» Problem to solve
Count up the lines below containing the word "Benz", and give the result with no other words.

» Data supplied

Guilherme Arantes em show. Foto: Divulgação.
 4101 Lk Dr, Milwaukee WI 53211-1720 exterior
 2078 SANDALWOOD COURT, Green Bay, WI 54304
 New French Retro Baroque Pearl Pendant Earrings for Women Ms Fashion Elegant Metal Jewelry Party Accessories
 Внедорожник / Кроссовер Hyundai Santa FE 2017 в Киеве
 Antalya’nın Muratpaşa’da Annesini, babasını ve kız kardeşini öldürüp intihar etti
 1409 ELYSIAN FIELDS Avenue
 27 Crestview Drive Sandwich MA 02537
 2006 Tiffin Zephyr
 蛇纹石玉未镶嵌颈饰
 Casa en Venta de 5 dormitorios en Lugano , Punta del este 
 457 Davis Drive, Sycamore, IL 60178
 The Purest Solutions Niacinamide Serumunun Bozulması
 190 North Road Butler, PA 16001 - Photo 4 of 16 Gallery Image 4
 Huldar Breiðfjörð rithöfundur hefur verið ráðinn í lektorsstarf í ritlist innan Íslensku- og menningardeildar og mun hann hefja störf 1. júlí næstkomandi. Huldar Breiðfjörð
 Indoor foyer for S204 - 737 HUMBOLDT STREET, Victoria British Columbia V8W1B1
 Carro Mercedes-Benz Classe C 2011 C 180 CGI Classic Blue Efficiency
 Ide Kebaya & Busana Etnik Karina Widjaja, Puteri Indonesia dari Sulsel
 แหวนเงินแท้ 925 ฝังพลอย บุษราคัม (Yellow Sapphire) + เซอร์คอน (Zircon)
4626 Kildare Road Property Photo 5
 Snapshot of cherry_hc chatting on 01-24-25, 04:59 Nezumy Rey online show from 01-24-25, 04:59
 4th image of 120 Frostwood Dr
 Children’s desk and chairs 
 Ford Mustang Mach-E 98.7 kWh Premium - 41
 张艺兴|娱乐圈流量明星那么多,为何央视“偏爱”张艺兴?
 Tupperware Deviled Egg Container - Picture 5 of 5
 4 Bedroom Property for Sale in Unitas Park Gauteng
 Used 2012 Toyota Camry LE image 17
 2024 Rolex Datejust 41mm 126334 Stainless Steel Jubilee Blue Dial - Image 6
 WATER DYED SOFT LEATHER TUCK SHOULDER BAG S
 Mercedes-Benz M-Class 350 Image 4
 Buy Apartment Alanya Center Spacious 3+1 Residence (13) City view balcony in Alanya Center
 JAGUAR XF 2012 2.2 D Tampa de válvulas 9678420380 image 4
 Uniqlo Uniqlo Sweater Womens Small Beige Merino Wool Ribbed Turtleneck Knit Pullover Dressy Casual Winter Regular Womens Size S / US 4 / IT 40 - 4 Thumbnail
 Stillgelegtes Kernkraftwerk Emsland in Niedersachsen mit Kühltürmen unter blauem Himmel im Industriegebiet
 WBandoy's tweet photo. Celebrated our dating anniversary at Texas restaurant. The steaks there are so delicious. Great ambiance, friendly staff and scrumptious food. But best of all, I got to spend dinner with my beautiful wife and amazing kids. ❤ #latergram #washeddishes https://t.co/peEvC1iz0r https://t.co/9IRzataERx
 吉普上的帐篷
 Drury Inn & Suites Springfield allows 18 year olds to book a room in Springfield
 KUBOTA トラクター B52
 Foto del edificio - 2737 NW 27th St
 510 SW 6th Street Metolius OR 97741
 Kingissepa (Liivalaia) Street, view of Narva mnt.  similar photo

» Answer to the exercise
2